Many system owners prefer dipole arrays over fiberglass sticks due to the broken element problem mentioned above, but dipole antennas have their own problems - fortunately they are easily cured. Some manufacturers do not ship lock washers with them, and some do not use stainless steel (i.e. non-rusting) hardware. The result is that the ferrous hardware rusts and the iron oxide becomes a diode... or on windy days the tower vibration works the nuts and bolts loose, and they become a regular maintenance item. When the noise starts to show up someone has to climb the tower and tighten everything - and in consistently windy areas that may be twice to three times a year! The solution is obvious - when you are assembling the antenna the first time, inspect the hardware and if necessare upgrade it before you start the assembly. Add both split lock washers and nylock nuts to every bolt (yes, the nylocks and split washers are redundant, usually only one or the other is needed or used, think of the pair as being both belt and suspenders). And make sure that anything you use out in the weather is either stainless or hot-dip-heavy-galvanized hardware.
Lastly, when Kevin says "Any intermittent metal to metal contact that is inside the transmitter's RF field could also be the source of trouble" he is not kidding. Think outside the normal tower environment - it could be ANYTHING.
1) I heard once about a strange source of duplex noise - it turned out to be the stainless steel needle bearing inside a anemometer head at the repeater site. The noise only happened when the wind blew and the repeater owner had been all over the tower several times looking for the problem. One day he was on the tower and happened to look down at the building and noticed the anemometer / weather vane assembly attached to the building. The mental "light bulb" went on and he called down to one of the ground crew to grab a ladder and climb up and hold the anemometer cups still while the repeater was keyed. No noise! The crew member let go of the cups and let the anemometer spin up to speed: Lots of noise! The cure: the anemometer head was taken down and rebuilt with a home-brew delrin (a very durable derivative of nylon) needle bearing - yes, it will require more frequent replacement, but the duplex noise is gone. The weather vane head bearing was of the same design so it was rebuilt at the same time...
2) One system used two diplexers to allow one feedline to serve a 2m and a UHF repeater with separate 2m and UHF antennas on the tower (there are very, very few commercial grade dual band antennas, and those that exist have separate feed lines). The back cover was a little bit loose on the top-side diplexer due to a stripped screw hole. That's all it took. And avoid diplexers with pigtails - the coax they use on most the pigtails is bottom-of-the-barrel junk. If you are going to use a diplexer in a repeater system you want to use one that has good coax connectors mounted in the housing, and silver-plated ones at that. And avoid amateur grade diplexers on the tower. Put it inside a weatherproof NEMA housing if you have to.
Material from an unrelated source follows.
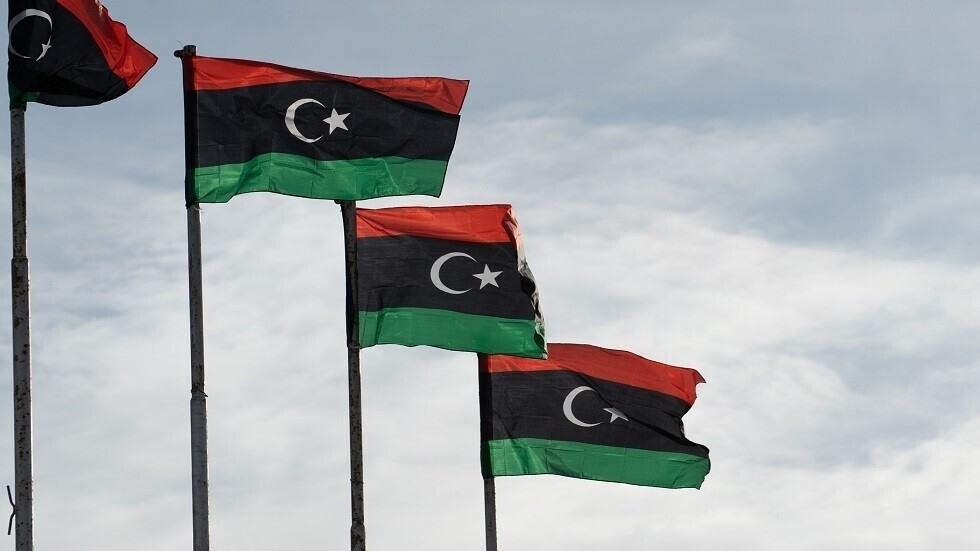 القاهرة تستضيف اجتماعا ثلاثيا لدول جوار ليبيا بحثا عن حل للأزمة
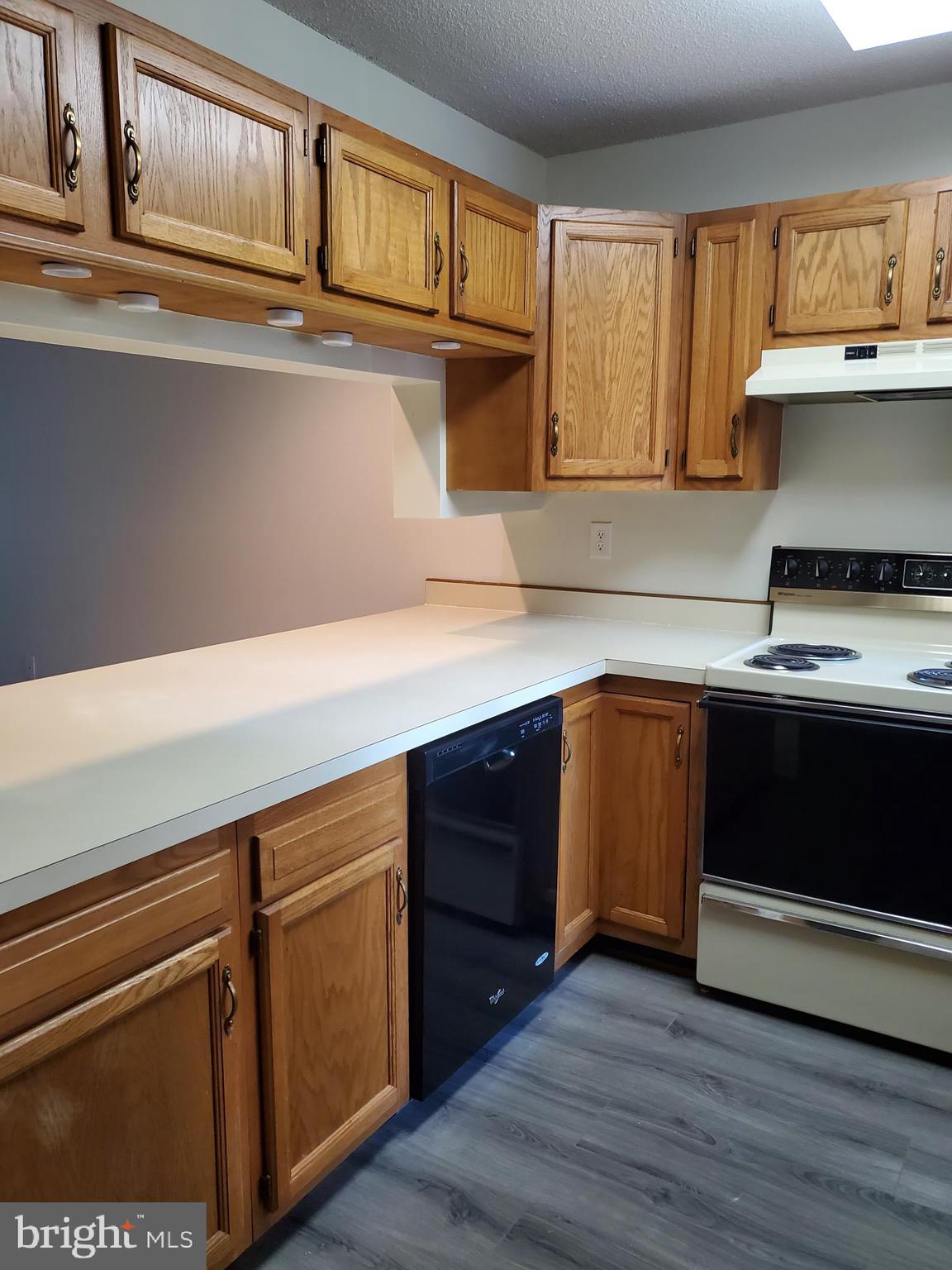 THE WOODS - Residential Lease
3) A loose panel on an air conditioning unit housing on the repeater site building roof created some wind-blown intermitten noise. Replacing the missing screws and adding a split washer to each screw made all the difference. Use stainless steel hardware to avoid rust even if you have to buy all new screws and split washers for every panel.
4) Don't even try to duplex an antenna mounted to a push-up mast.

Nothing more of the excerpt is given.